- Publicidade -

Modais sustentáveis são opções eficientes de locomoção

Meios alternativos de transporte promovem a saúde, economia e sustentabilidade nas metrópoles brasileiras

WS120 Watts
Motos elétricas não emitem gases poluentes e ainda são silenciosas. | Foto: Watts

O ônibus é o meio de transporte mais utilizado pelos brasileiros para locomoção nas grandes cidades, sendo utilizado por cerca de 30% da população, segundo a Pesquisa CNT de Mobilidade da População Urbana, elaborada pela Confederação Nacional dos Transportes (CNT).
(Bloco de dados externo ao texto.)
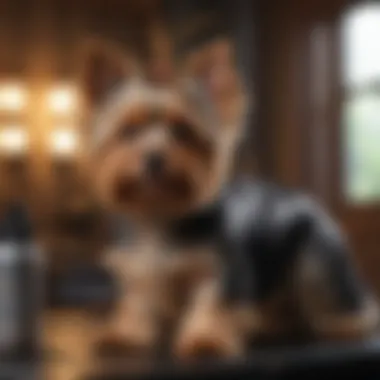 Professional Grooming Experience for Yorkies Professional groomer working on a Yorkie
Entretanto, o uso de carro próprio já corresponde a 29%. De 2017 a 2024, os deslocamentos com automóveis aumentaram, enquanto que com o transporte público diminuíram. À medida que as cidades continuam a crescer, é urgente repensar o desenho urbano de forma a priorizar meios de transportes mais sustentáveis.

- Publicidade -

Além do automóvel, também aumentou o uso de serviços de aplicativo de transporte. A tendência é optar por veículos individuais em busca de mais conforto, flexibilidade e menos tempo de viagem. Nestes termos, o automóvel é a escolha óbvia, mas não é a única. Aliás, a mesma pesquisa CNT revela ainda que entre os principais modais de locomoção estão o deslocamento a pé, moto e bicicleta: opções que podem ser melhores para o planeta e para a própria saúde.

Caminhar

Caminhar é de graça, não precisa de academia ou equipamentos e praticamente não tem nenhum impacto ambiental. É resumidamente a forma mais sustentável, saudável e social de se deslocar. O Project Drawdown, iniciativa que busca soluções para enfrentar a crise climática, calcula que se 5% das viagens de carros fossem feitas a pé, 2,9 gigatoneladas de CO2 deixariam de ser emitidas até 2050.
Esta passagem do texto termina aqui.